A man will forgive a very beautiful woman everything, even the evil which he has heard of her, nay, he may find a mysterious charm in her transgressions, if she takes pains to win his favour with intelligence, prudence, and the necessary degree of reserve. This piece of wisdom Stella has gained from the French romances of which she has read extracts out of pure ennui as they appear daily in 'Figaro' and the 'Gaulois.'

That a man must find it difficult to shake off an old friend who approaches him with imploring humility, that he cannot well refuse when she requests him to bring her an ice, and that should she hand him her fan he cannot possibly lay it down on a table with a proudly forbidding air and then take his leave with a formal bow,--all this Stella never takes into consideration; and this is why she is so wretchedly unhappy as she seats herself beside Natalie Lipinski on a plush ottoman, near a table of flowers.
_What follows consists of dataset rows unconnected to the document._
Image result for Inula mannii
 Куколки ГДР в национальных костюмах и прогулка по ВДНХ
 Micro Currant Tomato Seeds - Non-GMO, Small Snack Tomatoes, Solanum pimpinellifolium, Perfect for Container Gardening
A young Russian, a friend of the Lipinskis, begs Natalie for a waltz, and she takes his arm and goes into the adjoining dancing-room. Stella is left alone, beside old Madame Lipinski, who is just getting ready to relate something extremely entertaining about the Emperor Nicholas, when Rohritz suddenly perceives Stella. With a smiling remark he hands the white feather fan to a gentleman standing beside him, and hastens towards the young girl, paying his respects, of course, first to the elder lady, and then to her. If he has reckoned upon her old-time child-like, confiding smile, he is disappointed. She answers him stiffly, and thanks him for his flowers without cordiality. "How pale she looks!" he says to himself. "What can be the matter with her? Can she have cried her eyes out because she must dance the cotillon to-night with me instead of with Zino Capito?"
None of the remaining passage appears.